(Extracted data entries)
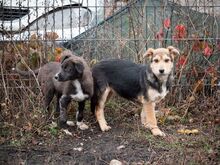 SHANKAR, Hund, Mischlingshund in Rumänien - Bild 18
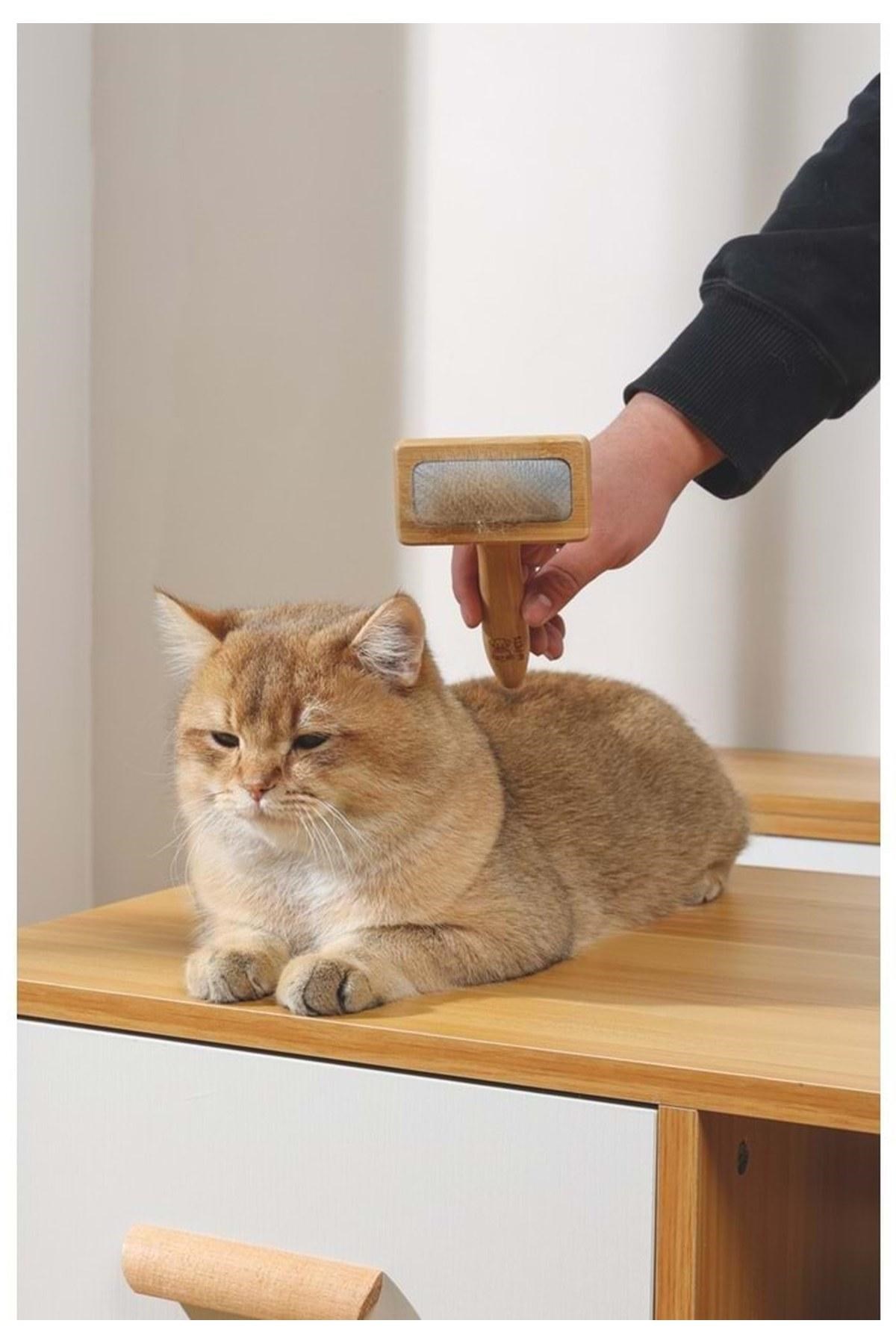 M-Pets Bamboo İnce Telli Köpek Fırçası 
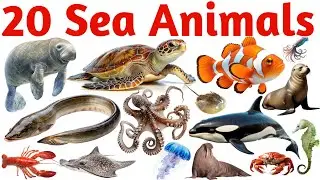 20 Sea Animals Names for Kids | English Vocabulary Learning Video for Toddlers and Preschoolers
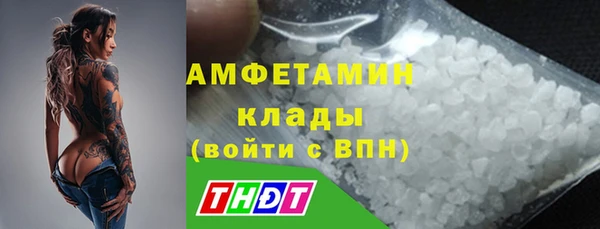 сатива Балахна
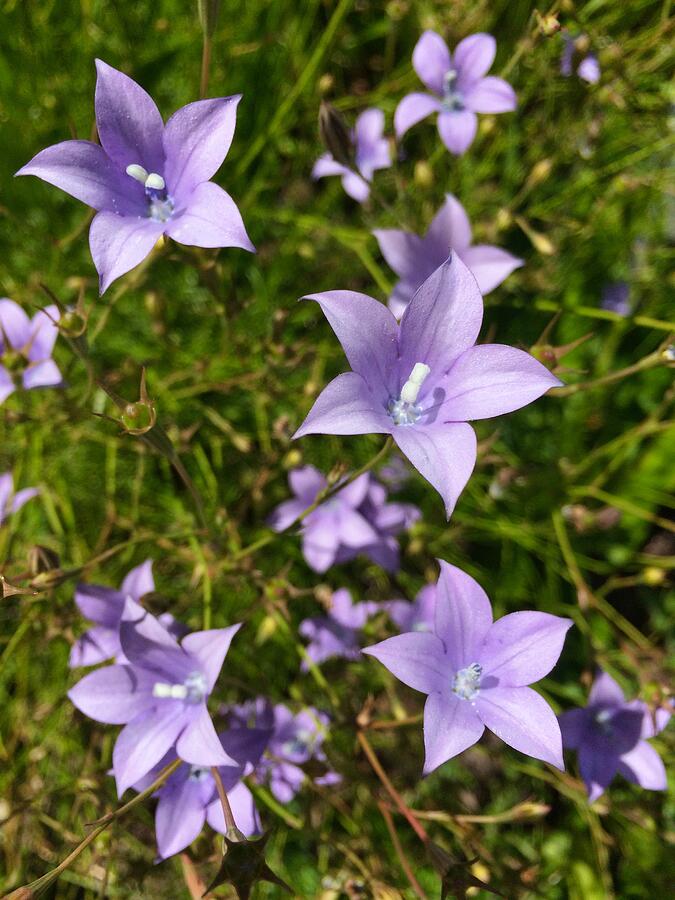 Purple Blooms in Kirstenbosch Botanical Garden Photograph by Travel Essayist Purple Blooms in Kirstenbosch Botanical Garden Photograph by Travel Essayist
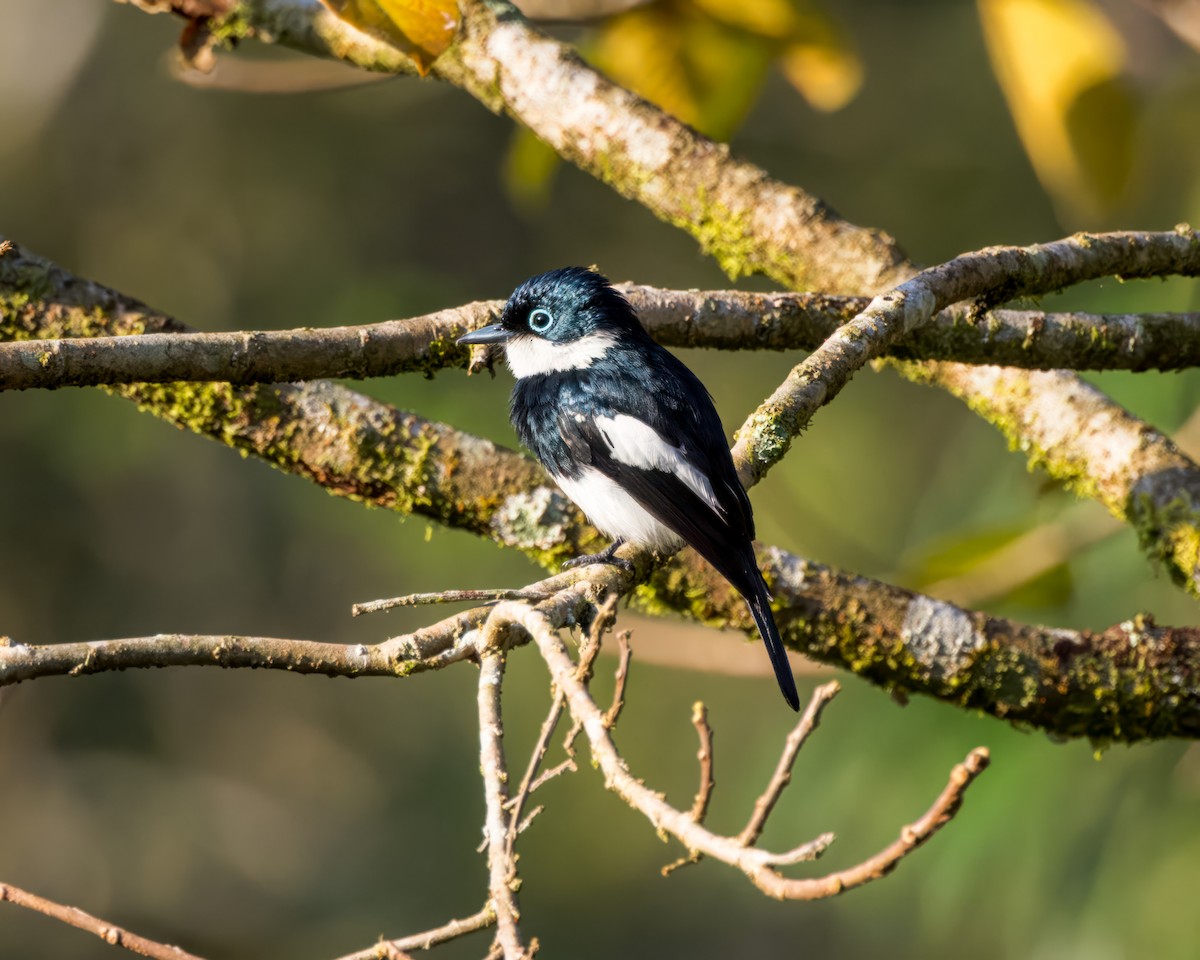 Ward's Flycatcher - ML614692341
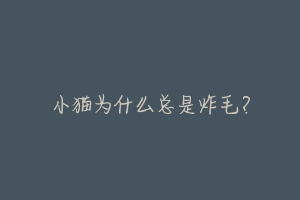 小猫为什么总是炸毛?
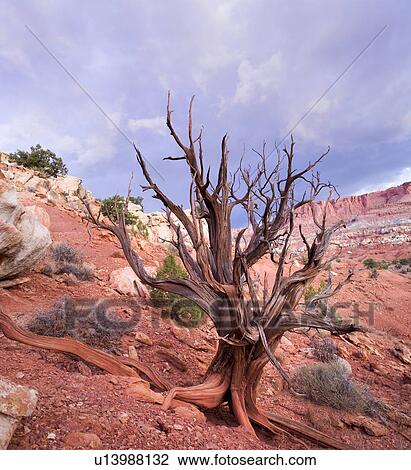 Stock Image - Single dead tree outlined against dramatic sky, root formation visible, red rock valley landscape, early morning, Utah. Fotosearch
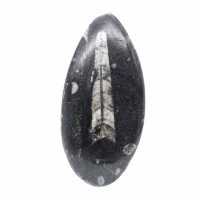 Orthoceras fósseis do Marrocos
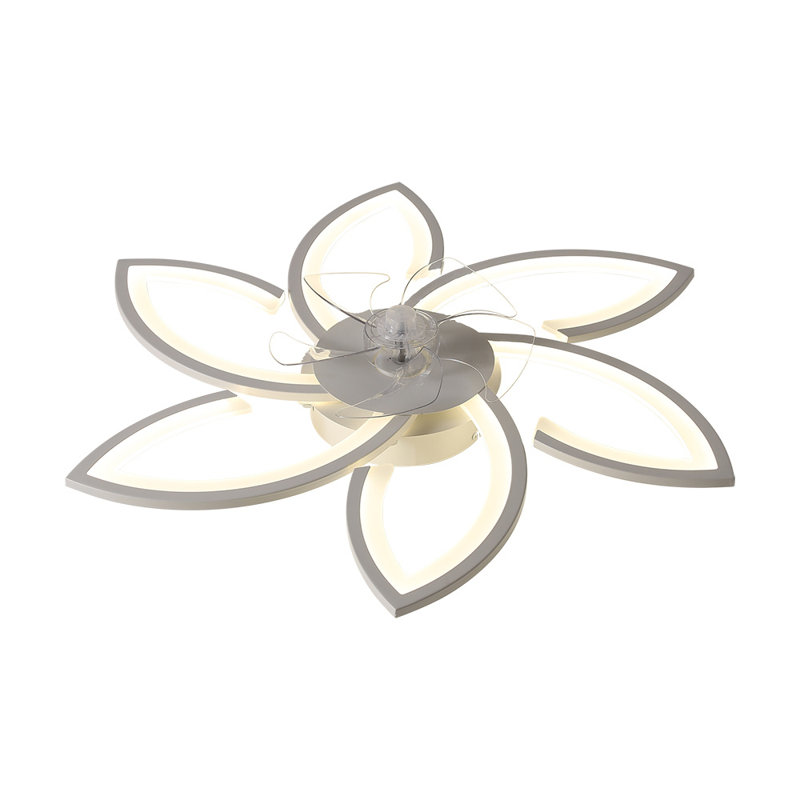 Chantily Ceiling Fan with LED Lights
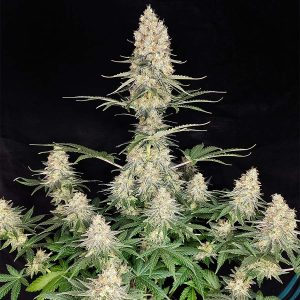 Quasar Buddha Seeds planta cannabis productiva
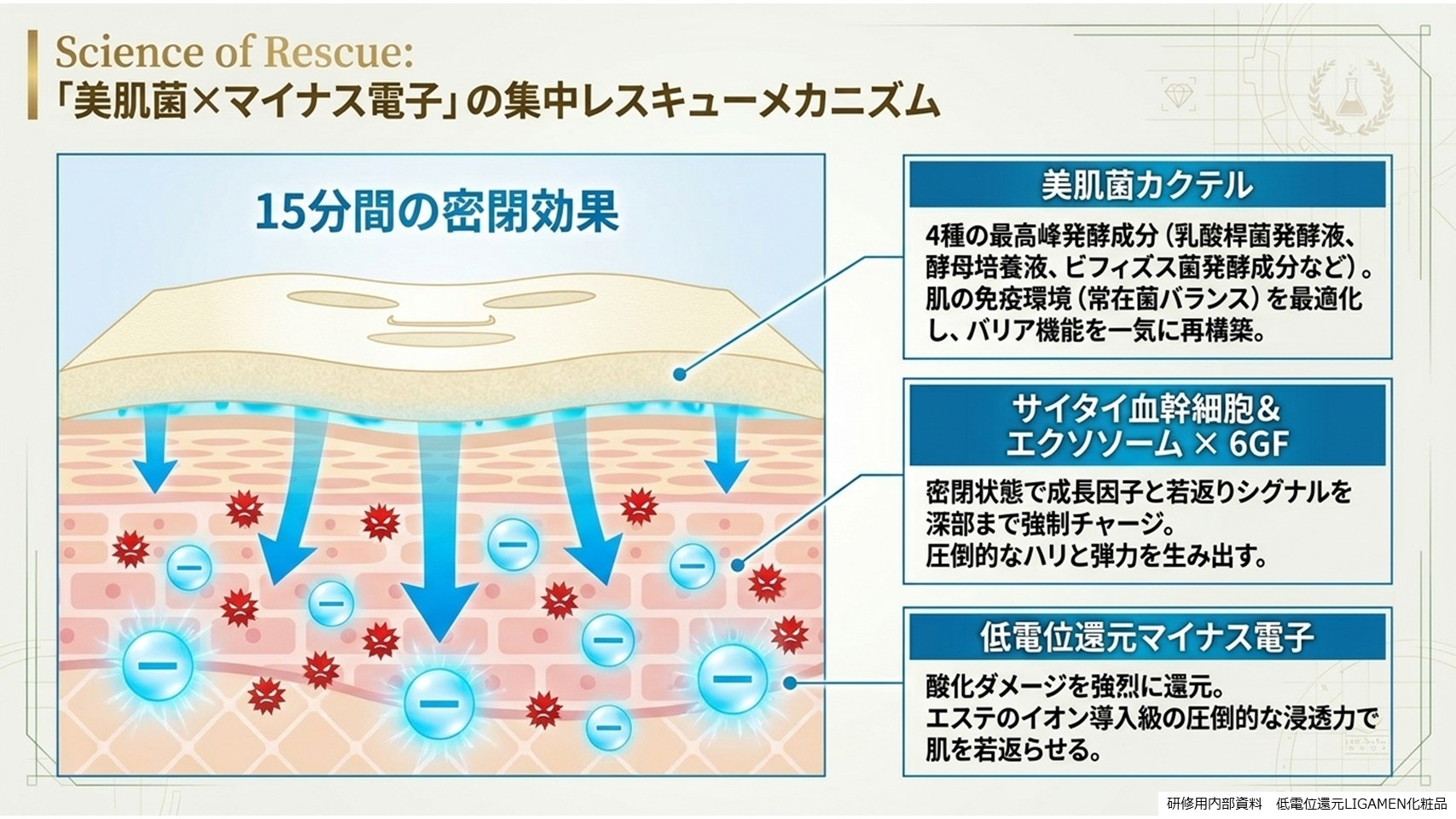 エステサロン業務用スキンプラズマ5ハンド複合機とは29-6LIGAMENT SkinPlasma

→ Task goal:
Repeat every record exactly, but not the pictures.

→ Output below:
 SHANKAR, Hund, Mischlingshund in Rumänien - Bild 18
 M-Pets Bamboo İnce Telli Köpek Fırçası 
 20 Sea Animals Names for Kids | English Vocabulary Learning Video for Toddlers and Preschoolers
 сатива Балахна
 Purple Blooms in Kirstenbosch Botanical Garden Photograph by Travel Essayist Purple Blooms in Kirstenbosch Botanical Garden Photograph by Travel Essayist
 Ward's Flycatcher - ML614692341
 小猫为什么总是炸毛?
 Stock Image - Single dead tree outlined against dramatic sky, root formation visible, red rock valley landscape, early morning, Utah. Fotosearch
 Orthoceras fósseis do Marrocos
 Chantily Ceiling Fan with LED Lights
 Quasar Buddha Seeds planta cannabis productiva
 エステサロン業務用スキンプラズマ5ハンド複合機とは29-6LIGAMENT SkinPlasma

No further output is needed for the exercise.